Prime Minister Iurie Leanca: “The event [on Sunday], which brought to Chisinau tens of thousands of citizens of Moldova, and which after independence in 1991 was probably the biggest gathering in the capital of Moldova, and which was organised by the political parties which represent the coalition which is governing Moldova, wanted to send a very clear message not just to Brussels but also to all our neighbours and to Moldovan civil society, and to the opposition which exists in the Republic of Moldova, that the majority of the citizens of Moldova understand very well that there is no alternative to its development, to our efforts to build a functioning European democracy, than to follow the European integration path – to share the same values, the same standards and the same principles which exist [in] and which work in the countries of the European Union.”

Paul MacDowell, euronews: “So, Prime Minister, what then do you say to Russia? You say [your message, your policy is] not against anybody, it’s pro-integration with Europe. But Russia is watching with interest. What’s your message to Russia?”

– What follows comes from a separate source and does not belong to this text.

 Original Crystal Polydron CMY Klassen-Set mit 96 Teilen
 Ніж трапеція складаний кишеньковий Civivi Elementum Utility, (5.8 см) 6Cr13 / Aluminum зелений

Leanca: “From the very first days of changes in power in September 2009, we had the same message delivered both in Moscow as well as in Brussels: that our fundamental choice – the fundamental objective of our foreign and domestic policy – is European integration. So I don’t think that the message and the objective – the priorities of our policies – were somehow misleading our friends and our partners, either in the West or the East. What we are also saying is that the European integration path and the objectives of our modernisation are not directed against another country, are not creating the [premise] of worse conditions; on the contrary, we believe that by turning Moldova into a stable and – what is very important – a predictable country, it is beneficial for our friends from the West but also for our friends from the East.”

euronews: “So, ‘win-win’ for Moldova; but what does Europe get out of it? What are you taking to the European party?”

Leanca: “I think that Moldova can also bring certain benefits to the EU. And not just the good quality wine and the very tasty food. By working together we can expand the area of stability and the area of prosperity to the southeast of Europe, and in this way we would show also to the other countries, if we speak about the Eastern Partnership, former Soviet republics, that if a country does its homework – and that’s what we have to continue to do – the EU acknowledges its progress and treats it accordingly. The happy future of Moldovans, of Moldovan society, is extremely closely linked to our rapprochement, our economic integration – and hopefully not in a very long perspective – political integration which means membership acknowledgement by the EU of the future of the Republic of Moldova. We need to focus more on the reform of the justice [system], of the prosecutor’s office, fighting corruption in a very systemic way and making sure that Moldova builds accountable institutions.”